R01EB006847, P41EB015896, K99EB019482


[1] Villena JF (2014). ISMRM 22:623. [2] Guerin B (2014). ISMRM 22:5125. [3] Polimeridis A. (2013). JCP 269:280-296. [4] Christ A. (2010). PMB 55(2): N23. [5] Karaa S (2005). MCS 68(4): 375-388. [6] Gabriel C (1996). DTIC Document AL/OE-TR-1996-0037.


Fig. 1. Computational setup for the ultimate basis. The non-uniform body model (“Duke”) is shown in red. Every blue dot indicates a dipole location (there are six dipoles at every blue location: Three X, Y and Z electric dipoles and three X, Y and Z magnetic dipoles).

Fig. 2. a: SAR amplification factor for the shallow tumor as a function of the number of basis vectors and treatment frequency. b: Same thing for the deep tumor. The red dash lines indicate points in the convergence curves corresponding to 80% of the ultimate amplification factor.

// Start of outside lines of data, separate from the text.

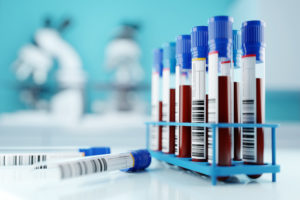 A set of human blood samples in a medical laboratory.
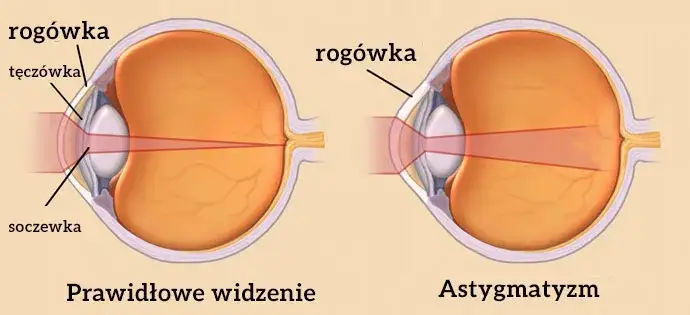 Czy astygmatyzm może się zmniejszyć? Poznaj prawdę o leczeniu i wieku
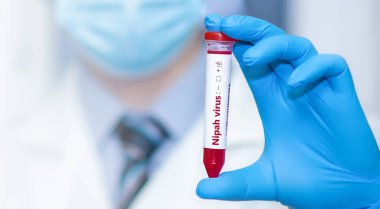 Doctor holding a test blood sample tube with positive Nipah.The virus is transmitted from animals to humans or through contaminated food, it can also be transmitted directly from person to person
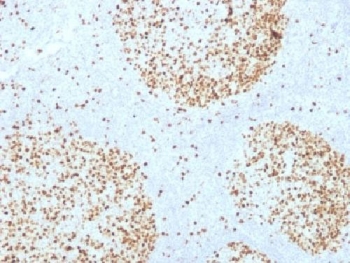 TOP2A / Topoisomerase II Alpha Antibody - IHC testing of FFPE human tonsil with Topoisomerase II alpha antibody (clone TOP2A/1361). Required HIER: boil sections in 10mM citrate buffer, pH6, for 10-20 min followed by cooling at RT for 20 min.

Fig. 3. a: Linear and log maps of the SAR of the ultimate hyperthermia treatment of the shallow tumor at 600 MHz in transverse and sagittal views. Also shown is a map of the anatomy (tumor mask overlaid on the electrical conductivity map of Duke) showing the location of the tumor as well as its necrotic core (“C”) and well-perfused penumbra (“P”). b: Same thing for the deep tumor.

Fig. 4. a: Pennes bio-heat temperature simulation of the ultimate hyperthermia treatment of the shallow tumor at 600 MHz. The left plot shows temperature variations during the treatment time (=10 minutes) in the core and penumbra of the tumor as well as in the entire head (average). The rightmost maps are transverse and sagittal views of the temperature distribution at the end of the treatment through the tumor. b: Same thing for the deep tumor.